Radimaging Ltd - Paul Beck's Technical Working Notes for Microsoft Technology: logging

Showing posts with label logging. Show all posts

Sunday, 2 January 2022

App Insights Overview for SaaS logging and tracing

Overview: App Insights provides independent infrastructure for logging and tracing activities. It is tightly coupled with Azure services including PaaS. This allows for consistent scalable logging. App Insights now stores logs in Azure Log Analytics, these are all under the umbrella of Azure Monitor,

On a SaaS solution, I am looking for App Insights to log any errors have the ability to log trace information. I want a unique correlationId (to allow for distributed tracing) on the front end if there is an error so support can identify the exact issue/transactions. A unique correlationId in the http header allows for identifying a transaction and this is useful for tracing and performance monitoring. Using the App Insights SDK's and implementing a common logging module is a good idea. There are two common areas that need call out to ensure the ability to trace transactions:

SPA's (Requirement to generate a unique operation/correlationId per operation not per pageview), and
Long running operation such as timer jobs or service bus calls.

Support & DevOps:

Having a correlationId allows first line to log the correlationId and quickly follow the request without asking for replication steps. This context tracing approach is common on newer applications. Third line support has full traceability of an issue to support who can empirically see the perceived performance parts broken down using the correlationId in the header.
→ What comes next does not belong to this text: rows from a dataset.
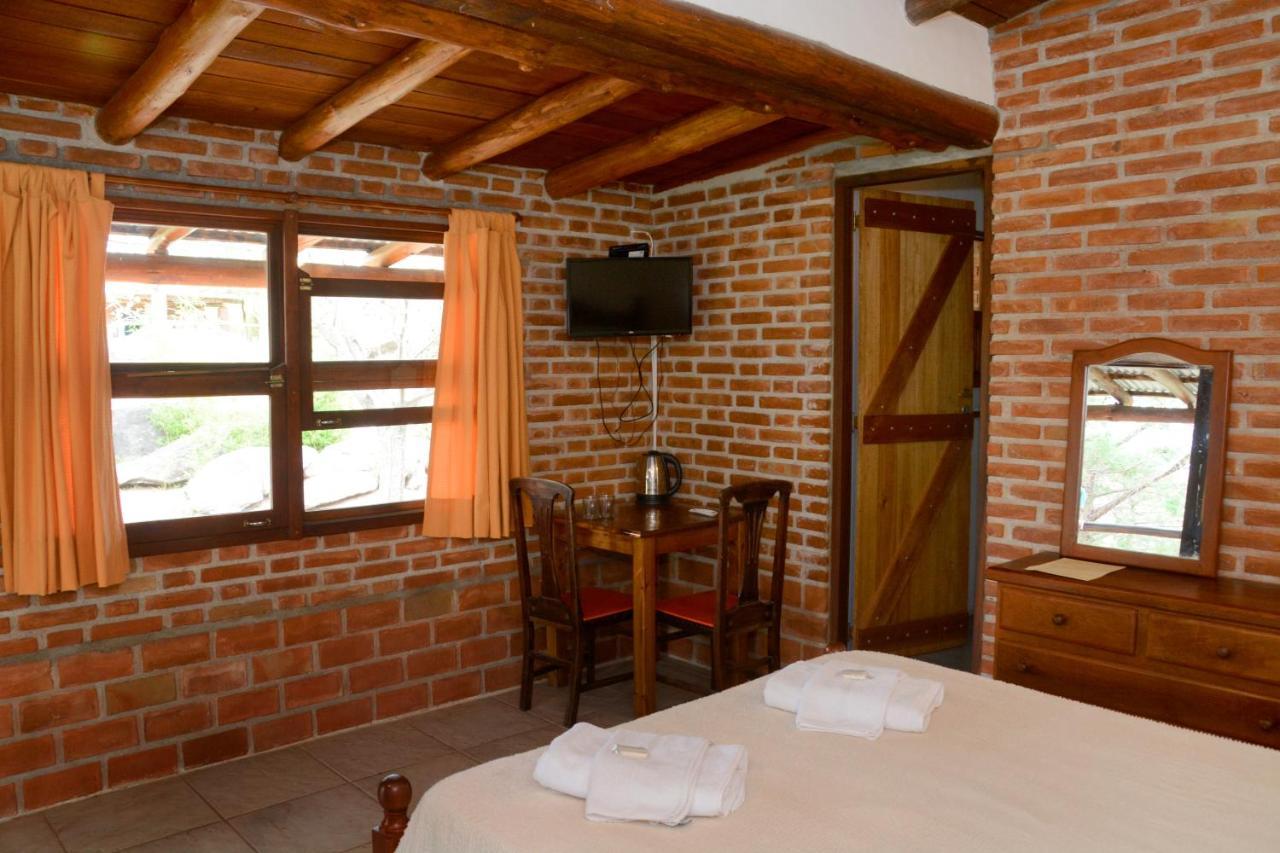 La Toma Complejo De Montana - Cabanas Y Habitaciones En Hosteria Mina Clavero Exterior foto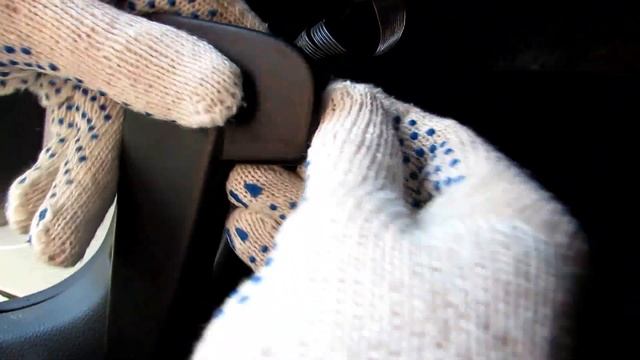 снять ручку открывания капота VW Polo  седан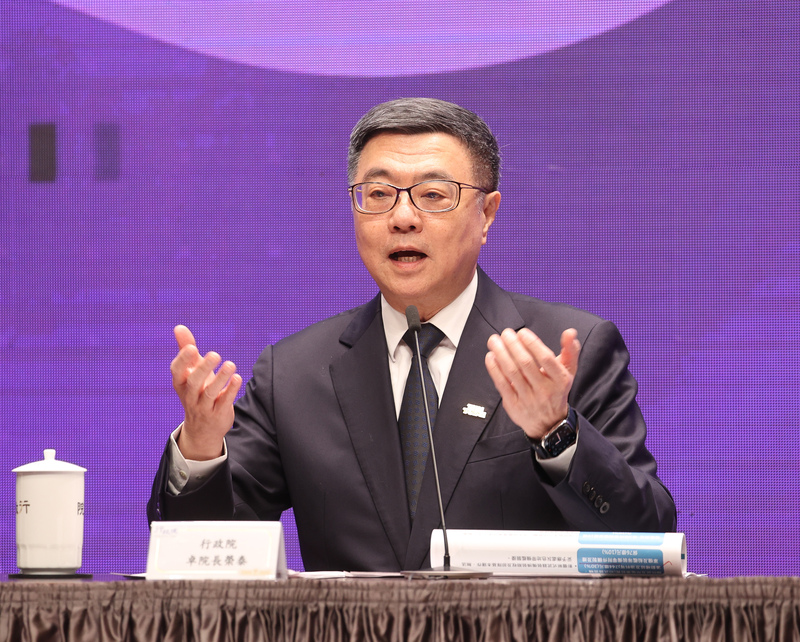 行政院長卓榮泰對立法院遲至春節年假前最後一刻才送出《選罷法》修正案表示不滿。圖為卓榮泰23日於「114年度中央政府總預算相關說明」記者會說明政策。圖/中央社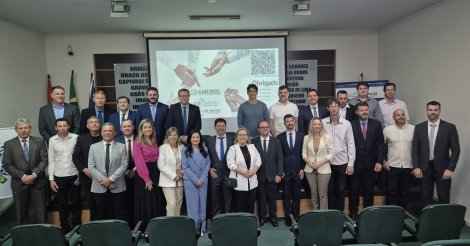 Amurel realiza encontro de prefeitos e vice-prefeitos eleitos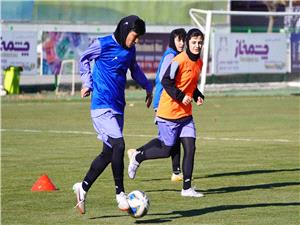 برگزاري نخستين تمرين صبحگاهي تيم ملي فوتبال بانوان ايران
Key API's can be continuously monitored for errors and slow down in performance, alerts can be configured around this monitoring.

Building a first line support tool that displays the errors in a hierarchy, has help scripts and knowledge bases is a good option for streamlining support.

App Insights has live monitoring and also has Kusto query language is useful for monitoring specific queries.

Summary Report for Support

// I'm sure there are nicer ways to write/improve my Kusto, so pls let me let me know where the code can be improved

let dayminus0 = datetime(now);

let dayminus1 = ago(24h);

let dayminus2 = ago(48h);

let result0 = requests

| where timestamp > dayminus1 and timestamp < dayminus0

| summarize requestCount=sum(itemCount), avgDuration=avg(duration) by performanceBucket

| where performanceBucket == "15sec-30sec" or performanceBucket == "7sec-15sec"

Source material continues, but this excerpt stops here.